I often take a three-step approach when a bug sneaks into a codebase.

  1. Fix the immediate bug
  2. Sweep the codebase for more occurrences
  3. Try to prevent this class of bugs.

Recently I’ve found a bug that caused 500 HTTP errors instead of 400 on missing parameters. The stack trace was very, very long.

I dug into it and found that we passed nil somewhere deep down the stack where we expected a string value. But the actual problem was much higher in the controller:

field = Map.get(params, "field")
Conext.do_stuff(..., field, ...)

The problem with Map.get/2 is that it doesn’t enforce that the field exists, and we pass nil down the stack. There are other issues with this code:

I think that get is such a common verb in programming that we use it without thinking. I am guilty of it myself. During my career, I’ve seen many examples where programmers used Map.get/2 instead of other access functions. During step two of my three-step approach, I’ve found that it is also pretty frequent in our codebases.

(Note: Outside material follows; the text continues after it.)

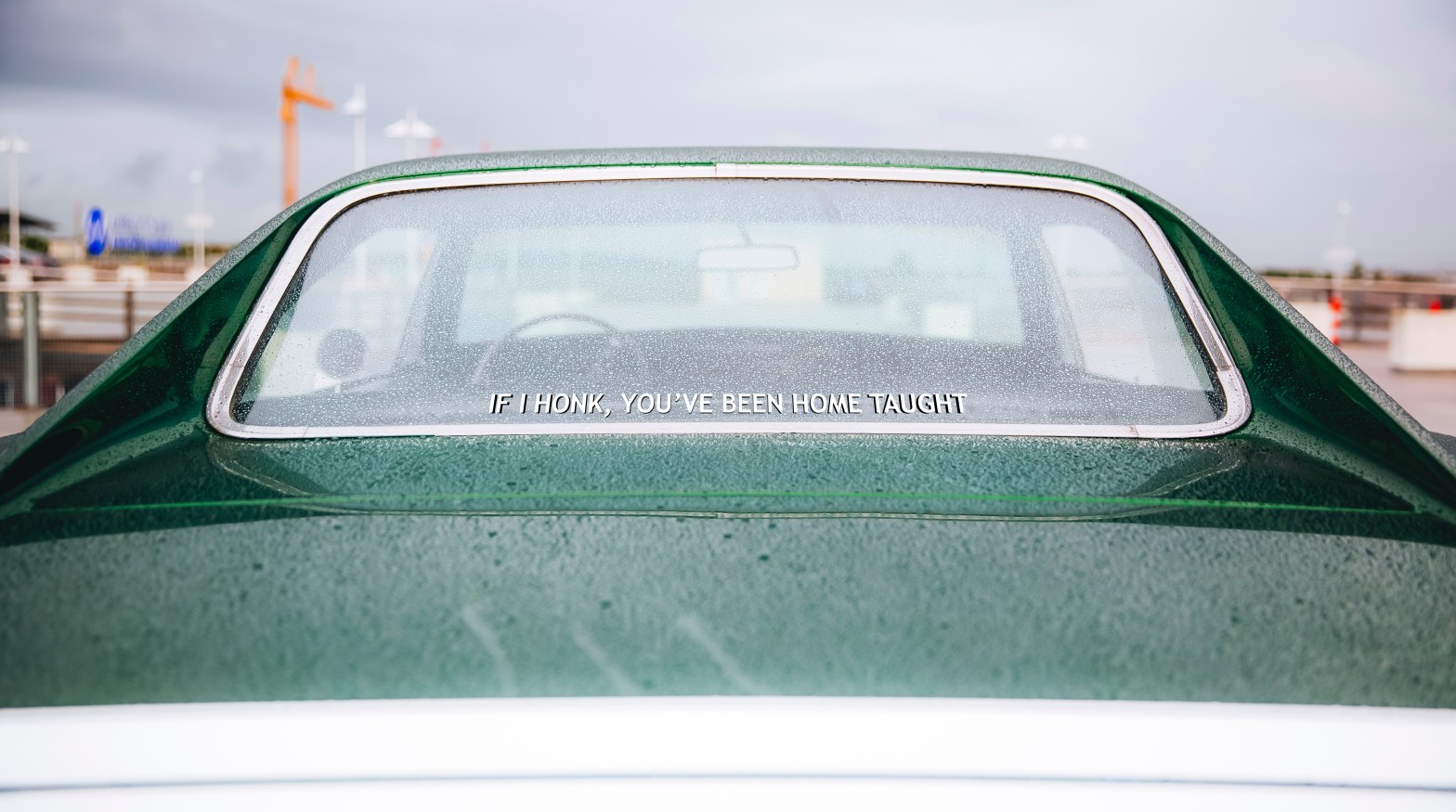 Car with bumper sticker that states, "If I honk, you've been home taught"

Step three got me thinking. How can we automatically detect if Map.get/2 really expects nil values?

We decided to ban it completely with a credo check.

If someone expects nil as a default, it is easy to show by using Map.get(map, field, nil). In all other cases, using fetch with and without ! seems a better idea.

There is more! This pattern also applies to Keyword.get/2, System.get_env/1 and Application.get_env/2. I’d rather crash on startup if I forgot to pass environment variables/set config values. Most deployment pipelines start the new instances and check their health before shutting down the old ones. I want to crash then and there instead of starting up a half-working service.